■ **What to work on**
Below are entries with pictures among them; reproduce exactly, and only, the lines from the one containing "Egyptian cotton sheets, premium" down to the one containing "Mercedes-Benz GLS-Class 2017", without the pictures.

■ **Input records**
►
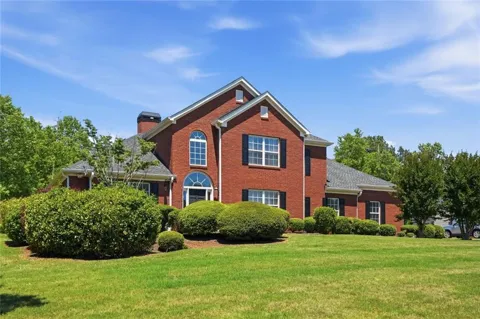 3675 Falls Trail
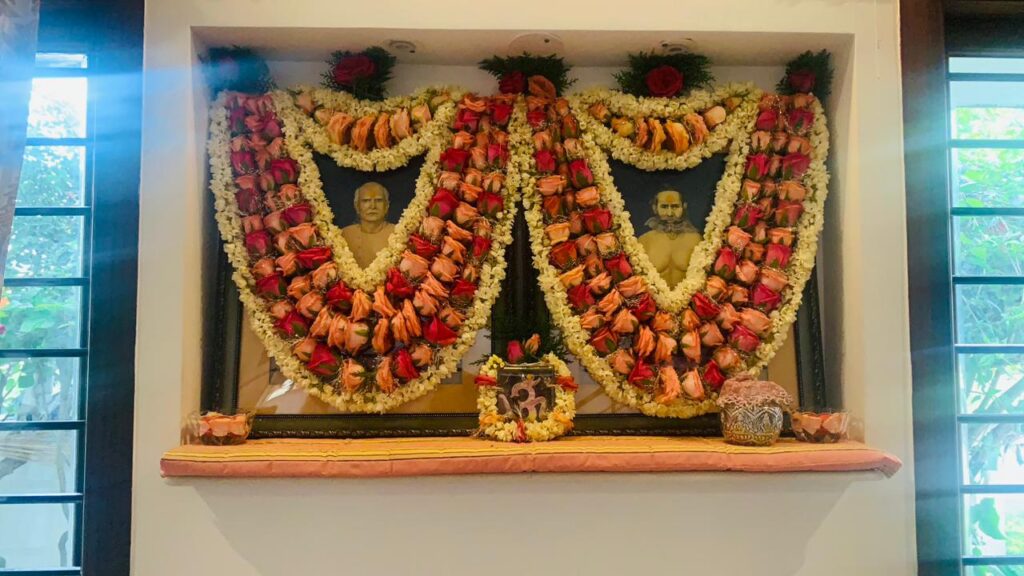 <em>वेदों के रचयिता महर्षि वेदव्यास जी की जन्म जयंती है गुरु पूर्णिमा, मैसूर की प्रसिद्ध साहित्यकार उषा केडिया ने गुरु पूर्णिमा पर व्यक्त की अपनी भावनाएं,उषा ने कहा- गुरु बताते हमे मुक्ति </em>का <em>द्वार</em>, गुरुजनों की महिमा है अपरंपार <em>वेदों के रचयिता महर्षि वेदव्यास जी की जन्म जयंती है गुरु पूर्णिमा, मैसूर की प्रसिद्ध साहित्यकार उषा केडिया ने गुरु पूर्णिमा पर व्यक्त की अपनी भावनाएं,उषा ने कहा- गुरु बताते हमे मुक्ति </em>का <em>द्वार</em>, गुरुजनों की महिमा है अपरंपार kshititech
◄
►
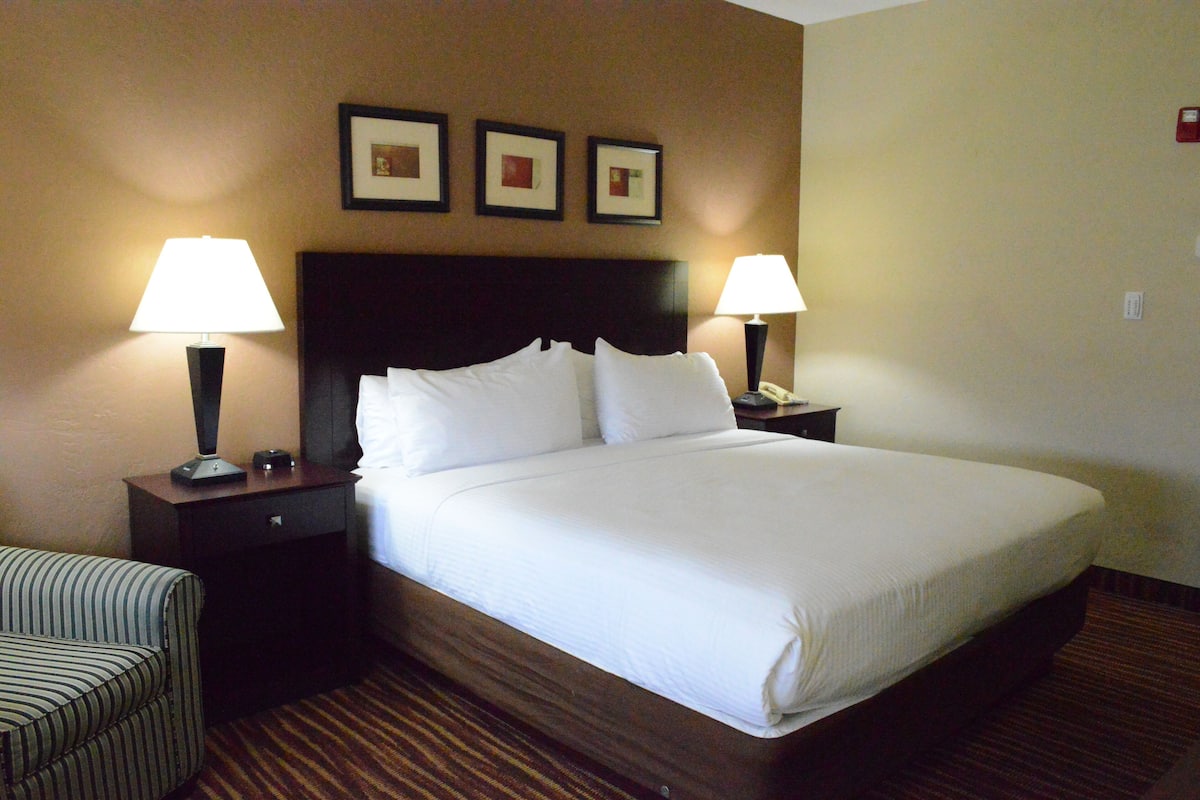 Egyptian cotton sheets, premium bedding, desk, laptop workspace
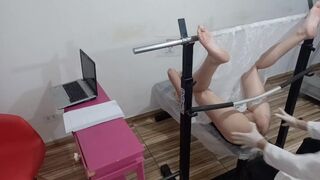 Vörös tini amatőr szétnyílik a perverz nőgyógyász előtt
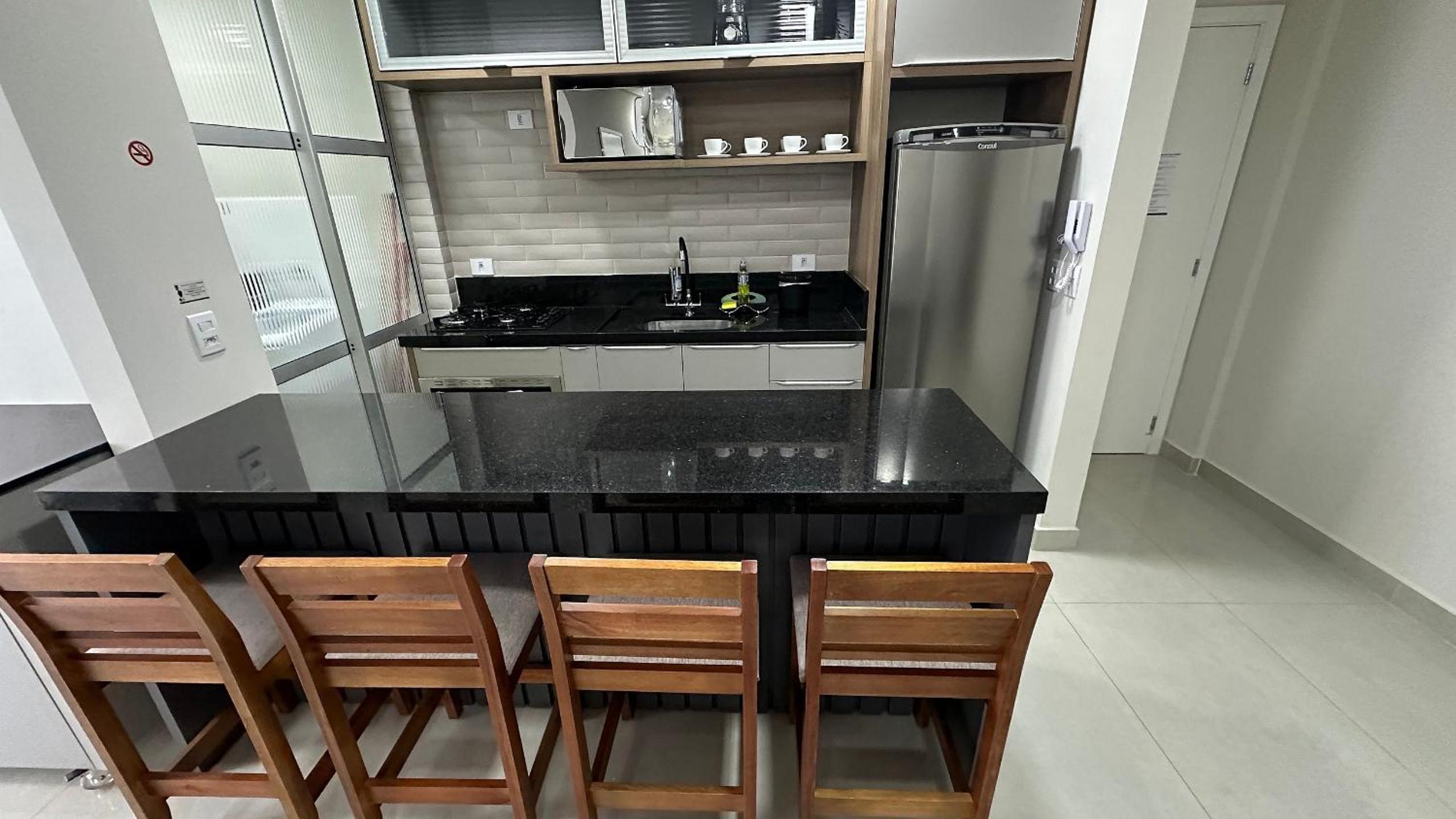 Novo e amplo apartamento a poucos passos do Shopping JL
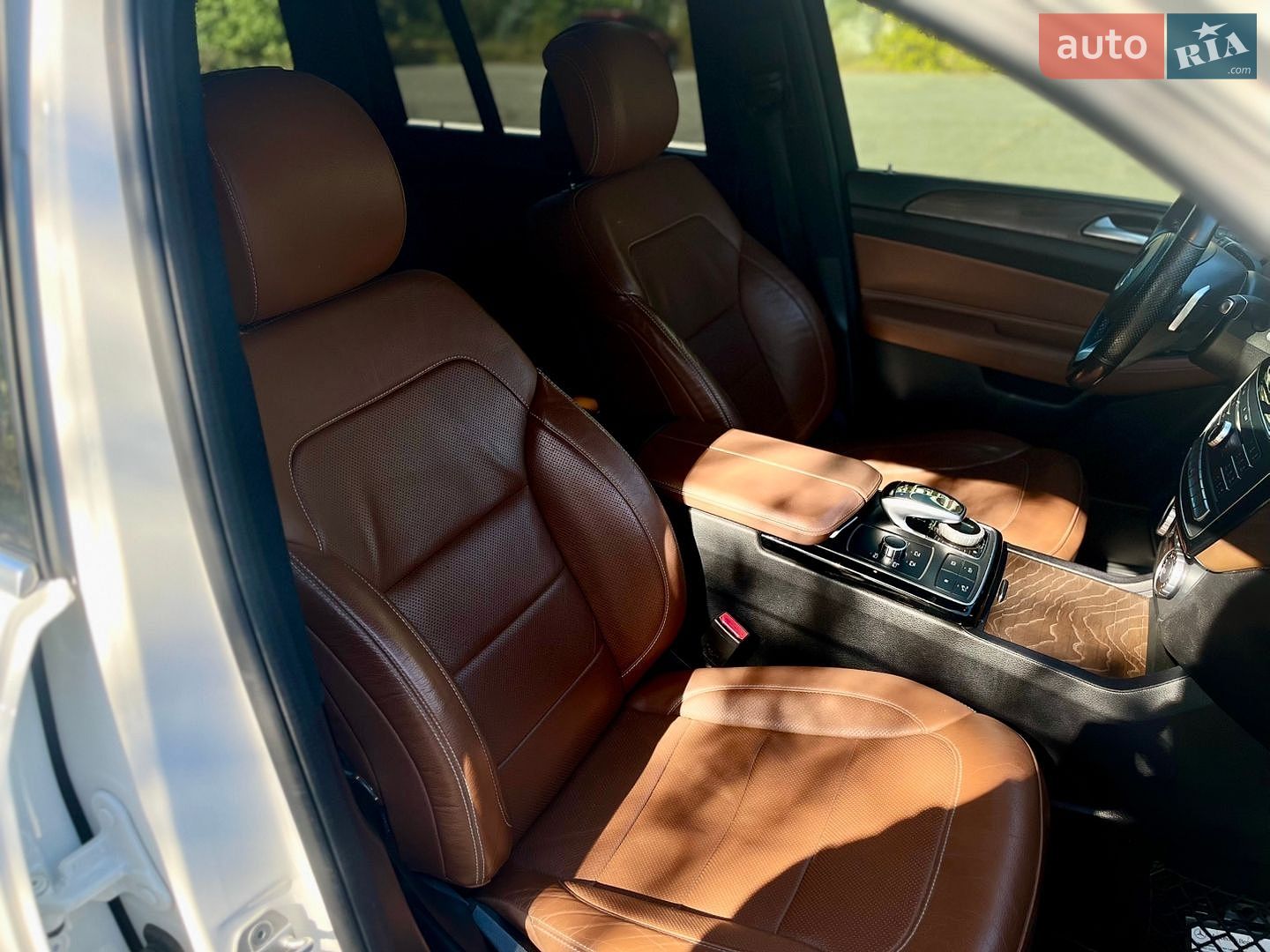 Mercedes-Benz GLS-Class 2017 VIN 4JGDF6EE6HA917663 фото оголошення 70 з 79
◄
■ **Result below**
 Egyptian cotton sheets, premium bedding, desk, laptop workspace
 Vörös tini amatőr szétnyílik a perverz nőgyógyász előtt
 Novo e amplo apartamento a poucos passos do Shopping JL
 Mercedes-Benz GLS-Class 2017 VIN 4JGDF6EE6HA917663 фото оголошення 70 з 79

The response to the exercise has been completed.